Wax in, not out

How to characterise the good old wax seal, in today’s “cyber”sec terminology ..?

  • On envelopes and the like, it was a form of quantum encryption – any tampering would show, at the receiving end, compromittation of the encapsulating encryption; when including a tamper-proof or -indicative envelope / header&footer-encapsulation…)
  • Non-repudiation of the sender, on parchment declarations.
  • Proof of authority as in proof of authorisation, of course, too, via the authority attached to the seal bearer.

These three, as long as the key (seal ring) can’t be replayed (remade and applied) – weak key / key compromised.
Or stolen (replay, undue authority = privilege escalation).
And as long as the envelope couldn’t be invisibly compromised-and-restored, or read through the paper (wetting it up, then drying without damaging the contents) – weak encryption algo for the first item above.
Or the hash (second above) removed and attached to another parchment.
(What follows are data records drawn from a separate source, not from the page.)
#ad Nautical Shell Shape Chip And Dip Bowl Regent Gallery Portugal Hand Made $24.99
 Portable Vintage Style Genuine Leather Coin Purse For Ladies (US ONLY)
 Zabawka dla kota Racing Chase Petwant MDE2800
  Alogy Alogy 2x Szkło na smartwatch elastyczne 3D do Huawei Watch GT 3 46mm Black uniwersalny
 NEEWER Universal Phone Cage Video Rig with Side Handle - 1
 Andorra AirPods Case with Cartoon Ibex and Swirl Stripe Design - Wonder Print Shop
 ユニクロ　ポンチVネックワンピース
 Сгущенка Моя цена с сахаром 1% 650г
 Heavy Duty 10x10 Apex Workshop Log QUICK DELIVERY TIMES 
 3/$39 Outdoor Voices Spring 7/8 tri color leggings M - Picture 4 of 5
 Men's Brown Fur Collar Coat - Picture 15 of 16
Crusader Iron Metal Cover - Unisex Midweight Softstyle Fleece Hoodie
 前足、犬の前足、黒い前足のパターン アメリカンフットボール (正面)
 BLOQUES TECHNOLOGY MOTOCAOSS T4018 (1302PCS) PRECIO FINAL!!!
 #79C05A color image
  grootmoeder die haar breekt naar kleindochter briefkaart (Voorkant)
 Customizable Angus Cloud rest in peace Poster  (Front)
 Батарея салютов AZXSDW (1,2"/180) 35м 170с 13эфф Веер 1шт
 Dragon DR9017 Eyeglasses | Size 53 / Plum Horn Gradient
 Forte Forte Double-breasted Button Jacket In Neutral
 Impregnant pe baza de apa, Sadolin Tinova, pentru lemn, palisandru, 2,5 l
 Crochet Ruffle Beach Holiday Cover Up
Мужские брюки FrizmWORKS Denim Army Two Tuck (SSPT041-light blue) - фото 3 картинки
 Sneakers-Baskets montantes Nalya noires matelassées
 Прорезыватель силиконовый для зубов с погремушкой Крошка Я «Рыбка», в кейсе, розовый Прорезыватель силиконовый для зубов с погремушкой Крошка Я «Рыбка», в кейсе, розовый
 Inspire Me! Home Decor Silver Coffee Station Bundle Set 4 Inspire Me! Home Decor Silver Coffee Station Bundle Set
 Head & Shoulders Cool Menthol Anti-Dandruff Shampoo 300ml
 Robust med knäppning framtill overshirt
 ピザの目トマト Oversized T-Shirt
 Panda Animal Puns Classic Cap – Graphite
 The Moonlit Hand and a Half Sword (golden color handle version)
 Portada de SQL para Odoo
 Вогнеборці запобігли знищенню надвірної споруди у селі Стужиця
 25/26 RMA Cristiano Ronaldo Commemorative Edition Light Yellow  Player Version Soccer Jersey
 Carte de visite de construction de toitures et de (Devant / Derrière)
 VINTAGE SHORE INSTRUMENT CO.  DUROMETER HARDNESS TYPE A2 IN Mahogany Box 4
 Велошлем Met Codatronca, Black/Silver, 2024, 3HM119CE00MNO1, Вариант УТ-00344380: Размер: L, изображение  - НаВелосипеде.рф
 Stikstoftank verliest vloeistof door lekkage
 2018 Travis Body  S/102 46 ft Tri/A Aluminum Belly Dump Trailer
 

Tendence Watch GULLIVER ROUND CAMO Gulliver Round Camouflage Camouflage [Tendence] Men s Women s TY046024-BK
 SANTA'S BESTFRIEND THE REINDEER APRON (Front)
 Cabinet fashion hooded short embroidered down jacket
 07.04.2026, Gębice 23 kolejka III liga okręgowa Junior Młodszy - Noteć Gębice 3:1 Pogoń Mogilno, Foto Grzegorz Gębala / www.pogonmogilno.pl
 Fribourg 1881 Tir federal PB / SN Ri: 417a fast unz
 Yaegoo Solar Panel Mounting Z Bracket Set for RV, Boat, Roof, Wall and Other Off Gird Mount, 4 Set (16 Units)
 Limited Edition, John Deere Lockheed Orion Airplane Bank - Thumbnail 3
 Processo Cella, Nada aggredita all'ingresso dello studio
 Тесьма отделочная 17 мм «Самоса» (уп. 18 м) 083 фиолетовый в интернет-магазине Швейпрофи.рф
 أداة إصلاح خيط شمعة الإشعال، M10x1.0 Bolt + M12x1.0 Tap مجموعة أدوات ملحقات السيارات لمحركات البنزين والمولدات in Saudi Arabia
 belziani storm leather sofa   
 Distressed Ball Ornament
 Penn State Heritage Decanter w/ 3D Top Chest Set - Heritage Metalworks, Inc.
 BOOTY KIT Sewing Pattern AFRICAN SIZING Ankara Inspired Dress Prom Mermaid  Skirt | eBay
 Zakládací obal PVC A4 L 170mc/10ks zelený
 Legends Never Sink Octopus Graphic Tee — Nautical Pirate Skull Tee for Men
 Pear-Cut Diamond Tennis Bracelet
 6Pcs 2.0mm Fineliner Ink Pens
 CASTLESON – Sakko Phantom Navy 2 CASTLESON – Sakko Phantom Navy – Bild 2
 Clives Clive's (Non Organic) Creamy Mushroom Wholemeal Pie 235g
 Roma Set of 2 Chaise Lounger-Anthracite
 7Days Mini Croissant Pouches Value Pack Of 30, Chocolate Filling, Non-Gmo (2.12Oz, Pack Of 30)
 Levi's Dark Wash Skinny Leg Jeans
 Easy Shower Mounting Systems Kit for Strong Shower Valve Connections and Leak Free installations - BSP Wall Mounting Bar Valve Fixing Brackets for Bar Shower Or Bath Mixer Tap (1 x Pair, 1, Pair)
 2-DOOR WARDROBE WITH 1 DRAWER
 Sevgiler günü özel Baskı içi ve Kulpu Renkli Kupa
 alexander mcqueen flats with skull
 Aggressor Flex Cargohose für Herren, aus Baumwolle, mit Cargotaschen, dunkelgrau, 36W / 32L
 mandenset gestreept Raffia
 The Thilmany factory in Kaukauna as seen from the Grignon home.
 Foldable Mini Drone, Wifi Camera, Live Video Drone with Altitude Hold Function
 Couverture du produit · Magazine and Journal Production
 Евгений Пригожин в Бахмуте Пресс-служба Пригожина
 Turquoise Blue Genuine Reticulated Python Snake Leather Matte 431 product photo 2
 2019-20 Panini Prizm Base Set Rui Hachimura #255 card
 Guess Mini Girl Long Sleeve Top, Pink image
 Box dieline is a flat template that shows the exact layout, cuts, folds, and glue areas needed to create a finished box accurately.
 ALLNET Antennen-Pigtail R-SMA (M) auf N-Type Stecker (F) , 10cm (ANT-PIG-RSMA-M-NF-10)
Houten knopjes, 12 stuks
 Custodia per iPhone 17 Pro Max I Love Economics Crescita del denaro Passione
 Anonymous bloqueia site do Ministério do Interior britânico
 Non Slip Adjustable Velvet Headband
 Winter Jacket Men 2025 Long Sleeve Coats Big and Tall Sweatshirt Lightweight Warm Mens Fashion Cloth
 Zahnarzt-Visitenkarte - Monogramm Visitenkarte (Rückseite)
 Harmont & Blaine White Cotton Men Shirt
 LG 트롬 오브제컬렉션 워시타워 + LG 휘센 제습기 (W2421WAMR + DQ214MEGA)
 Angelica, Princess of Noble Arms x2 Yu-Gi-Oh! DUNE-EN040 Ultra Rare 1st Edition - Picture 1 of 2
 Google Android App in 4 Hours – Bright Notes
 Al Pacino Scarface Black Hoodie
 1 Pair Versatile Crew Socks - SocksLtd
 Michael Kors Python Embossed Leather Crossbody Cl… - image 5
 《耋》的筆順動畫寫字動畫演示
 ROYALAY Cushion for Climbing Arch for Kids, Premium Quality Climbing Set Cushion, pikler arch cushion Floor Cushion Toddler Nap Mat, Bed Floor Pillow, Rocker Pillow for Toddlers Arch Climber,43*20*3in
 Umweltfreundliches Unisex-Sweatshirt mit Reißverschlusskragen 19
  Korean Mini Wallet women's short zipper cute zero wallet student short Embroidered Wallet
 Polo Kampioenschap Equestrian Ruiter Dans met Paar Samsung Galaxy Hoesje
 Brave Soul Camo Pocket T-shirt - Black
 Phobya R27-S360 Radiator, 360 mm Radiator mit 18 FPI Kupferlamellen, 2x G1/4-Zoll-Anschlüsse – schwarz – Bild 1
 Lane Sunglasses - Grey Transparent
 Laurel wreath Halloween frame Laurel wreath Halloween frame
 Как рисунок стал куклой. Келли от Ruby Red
Or the parchment text altered in a way that preserves non-repudiation (invisible, or in typical writing (hand-writing by default of other options like 8- or 9-dots matrix printers; we’re talking that long back).

This is getting out of hand; too much to add and elucidate. At least we don’t need the cumbersome physical seal of yesteryears and now have one tiny plug-in to secure all our communications forever, don’t we?